Vella masih diam saja menunduk tak berani menara mata bu ira.


"Kamu tahu ini semua karena ulah kamu, kamu buat anak saya sakit seperti ini! Kamu pasti bikin dia sakit hati sampai dia stress berhari-hari nggak makan dan tidur. Dasar perempuan miskin gatau diri! Bikin saya emosi aja." Ucap bu ira dengan mendorong pundak vella.
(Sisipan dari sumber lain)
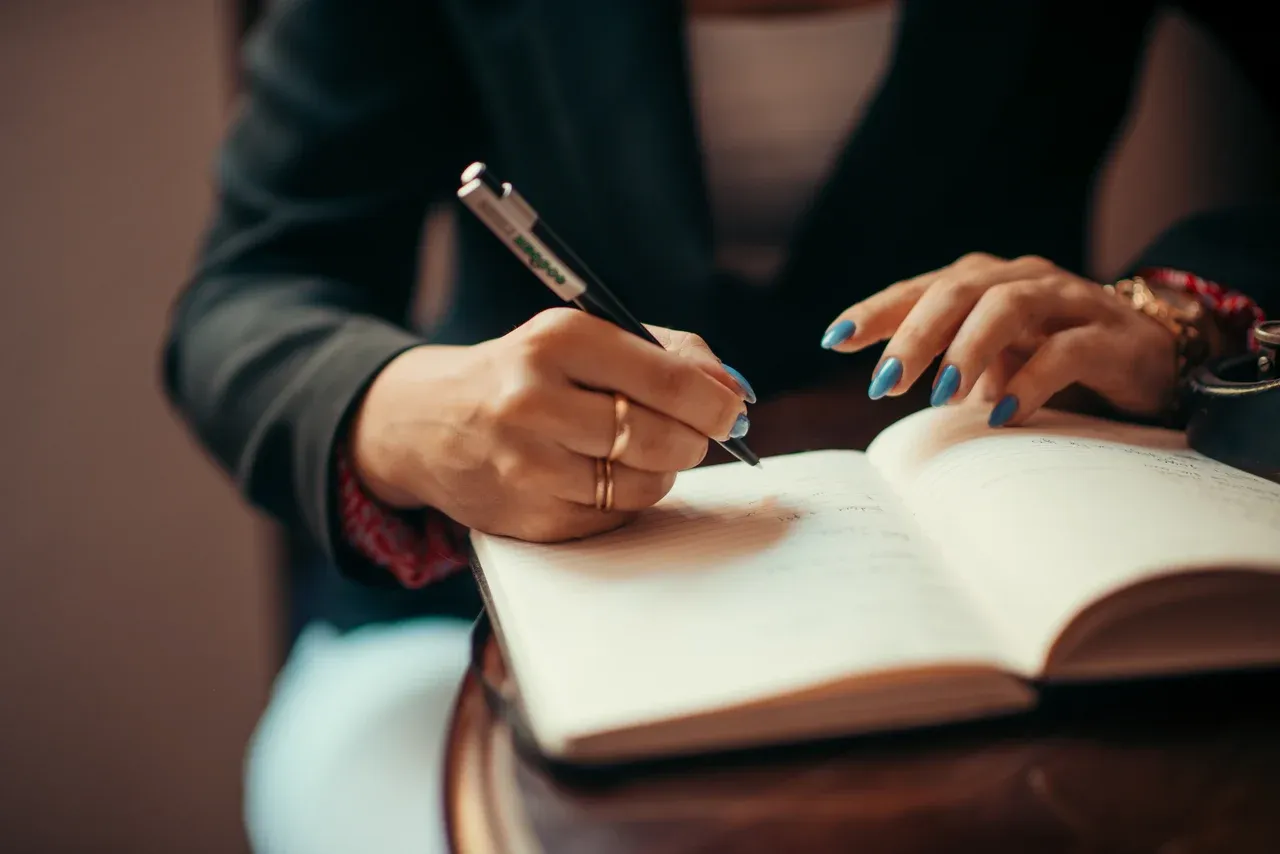 Hands holding a pen and writing in an open notebook on a desk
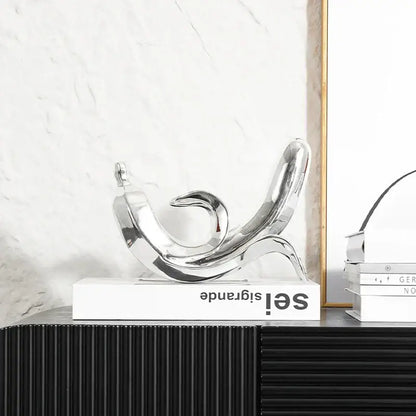 Shiny chrome abstract sculpture with flowing curved forms resting on a white book in modern golden banana figurine decor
"Madam ira yang terhormat, sebenarnya saya harus gimana lagi sih? Disuruh jauhin saya sudah jauhin. Saya memutuskan hubungan dengan mas fadly kan juga perintah madam. Bahkan saya merelakan keluar dari pekerjaan demi menjauhinya. Apa itu nggak cukup? Sekarang madam malah menyalahkan saya, seolah saya yang menyakiti hati mas fadly." Ucap vella meluapkan kekesalannya


"Kamu marah sama saya? Berani-beraninya seorang anak dari keluarga miskin seperti kamu berbicara dengan nada tinggi dengan saya. Saya bisa bikin keluarga kamu menderita kalau kamu masih berani dekati anak saya!" Ucap bu ira lagi


"Mami cukup!" Teriak fadly


Ternyata sedari tadi fadly berdiri di balik tembok memdengar semua pembicaraan bu ira dan vella. Bu ira sangat terkejut dengan adanya fadly disana. Fadly jadi mengetahui alasan vella menjauhinya adalah karena ancaman mamanya sendiri.